My fiancé and I are thrilled that this ruling came before our wedding. Though we don’t plan to exchange vows in Georgia, we like knowing that wherever our life takes us, we will be able to have the same legal rights and protections as our parents. We have been able to achieve so much in so little time, and I know we can keep going until all 50 states no longer have laws that classify LGBTQI individuals as second-class citizens.

25 February 2015

I’m sitting in my living room on a Wednesday afternoon, listening to THEESatisfaction, and driving myself crazy trying to decide what to do with my website. I’ve had this domain for nearly a decade, but I haven’t had the opportunity to do anything new with it in about two years.

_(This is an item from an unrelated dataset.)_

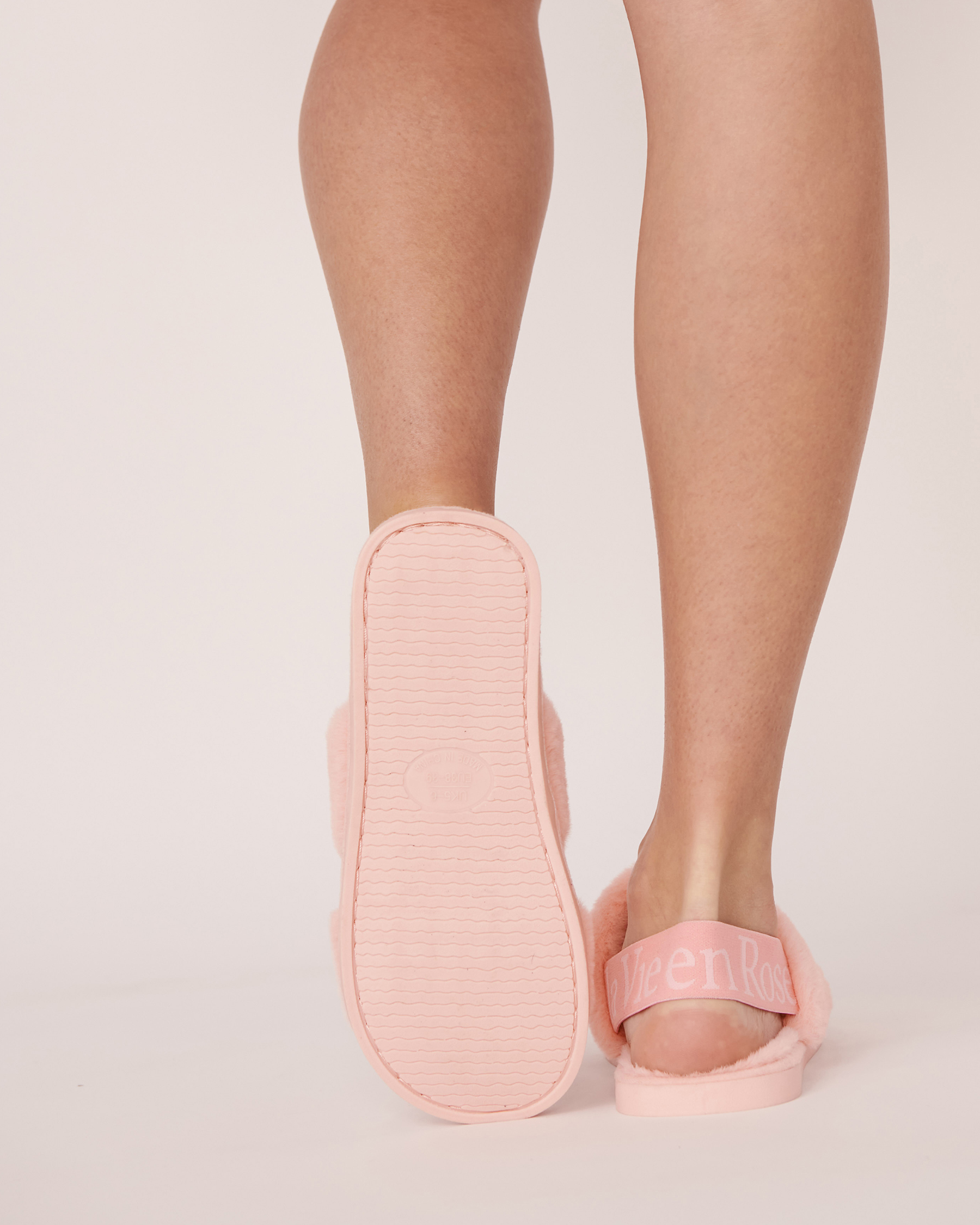 LA VIE EN ROSE Plush Open Slide Slippers Spring pink 40700168 - View2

The reason that I’m home this afternoon is that Atlanta, which averages 2-3 snow days a year, doesn’t have a proper emergency plan in case of winter weather. When there is a slight possibility of snow or sleet, schools and businesses close. Our state government, specifically this piece of shit, is attempting to avoid 3 inches of snow turning our city into this again.

This picture is whiter than our northern suburbs.
This picture is whiter than our northern suburbs.

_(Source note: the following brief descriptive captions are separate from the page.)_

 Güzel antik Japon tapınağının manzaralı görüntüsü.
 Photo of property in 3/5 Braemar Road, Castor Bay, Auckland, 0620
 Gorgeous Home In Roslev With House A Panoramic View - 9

My irritation with my state’s emergency preparedness, combined with personal drama with a neighbor, and my boredom at my job, has only heightened my desire to move. I’m a native of Georgia, and have spent the majority of my life within metro Atlanta. My boyfriend is from Texas, has only been in Atlanta since 2011, and is equally tired of this place. We have set our sight on a move to the west, specifically Seattle. We are trying our hardest to not idealize our future home as anything more than the place we will commute to/from work in, but between the mountains, sea, progressive politics, and the general mood of the city, it it hard for us to resist.

Of course I’ve heard how Seattle basically reacts the same way to snow and ice as Atlanta, and THERE IS NO EXCUSE FOR THIS IN 2015, but I’m willing to overlook it. I crave a big and positive change.